Snaike, can you just answer? If not, fine. Just don't tell me to look at the chart, which is about a totally different question. thanks.
post #20 of 70
Quote:
Originally Posted by Richard Dickson View Post
Heh, Dick, nice, haven't heard that one before.
I'm sure if you looked up replies in the past, I've always said "Dick" since it's short for Dickson or Richard abbreviated. Much like I say El Cap or.. JVC (before he changed it from Jon Voigts Car).
post #21 of 70
Quote:
Originally Posted by yt View Post
Snaike, can you just answer? If not, fine. Just don't tell me to look at the chart, which is about a totally different question. thanks.

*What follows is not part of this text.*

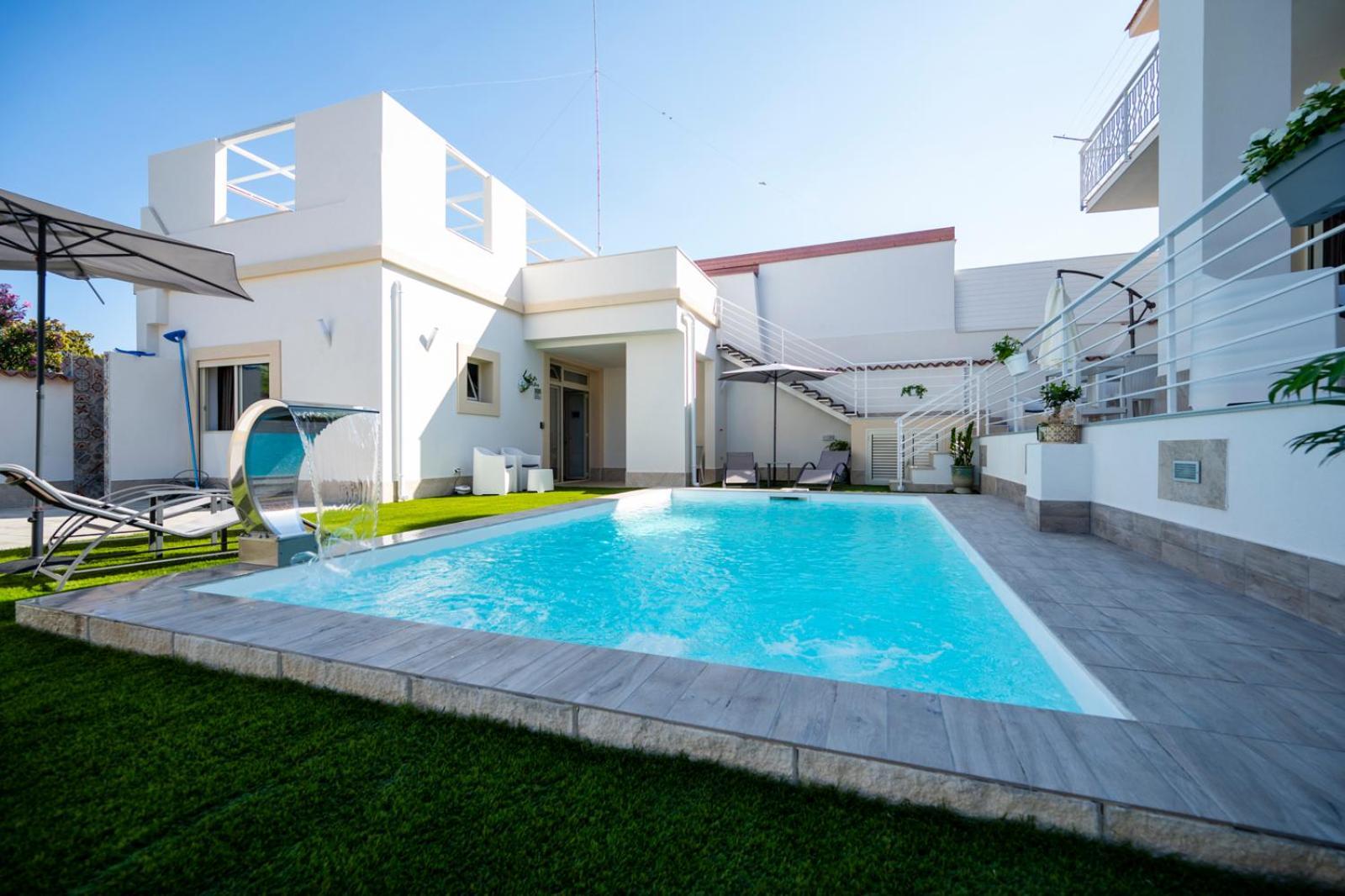 Profumi Di Sicilia - Fontane Bianche Apartment Exterior photo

it isn't a totally different question, that is a chart of interest payments for the next 10 years... eye balling it, it looks like $300 billion dollars in interest.
post #22 of 70
Thread Starter 
That is a projected budget over the next ten years.

My question is how much $$ or what percentage of THIS BUDGET FOR 2011 will go to paying down the deficit that Obama inherited.

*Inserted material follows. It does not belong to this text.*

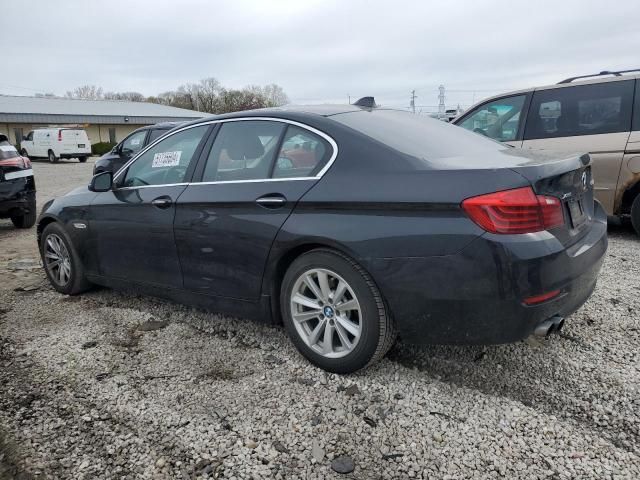 2016 BMW 528 XI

Ps. In my googling I discovered that the first chart you posted came off the Heritage foundation website. Seriously?
post #23 of 70
This is pretty interesting: Obama’s 2011 Budget Proposal, Department by Department
Rectangles in the chart are sized according to the amount of spending for that category. Color shows the change in spending from 2010.

http://www.nytimes.com/interactive/2...budget.html?hp
post #24 of 70
Quote:
Originally Posted by yt View Post
That is a projected budget over the next ten years.

My question is how much $$ or what percentage of THIS BUDGET FOR 2011 will go to paying down the deficit that Obama inherited.

Ps. In my googling I discovered that the first chart you posted came off the Heritage foundation website. Seriously?
It came off of the Washington Post.

Also, stop for 10 seconds, read the chart I post.. word for word. This isn't for the projected budget over the next 10 years, it's for the interest of debt over the next 10 years.

Presidental debt by President.

Reagan: 1.69 Trillion over 8 years

Bush Sr: 1.4 Trillion over 4 years

Clinton: 1.54 Trillion over 8 years

Bush Jr: 4.9 Trillion over 8 years

Obama: 5-6 Trillion (est) 4 years

Interest for fiscal year 2011 = 350 billion dollars (est)

Deficit for fiscal year 2011 = 1.265 trillion dollars (est)

new debt for fiscal year 2011 NOT interest = 900 billion dollars (est)
new debt for fiscal year 2010 NOT interest = 1.2 Trillion dollars (est)
new debt for riscal year 2009 NOT interst = 1 trillion dollars (est)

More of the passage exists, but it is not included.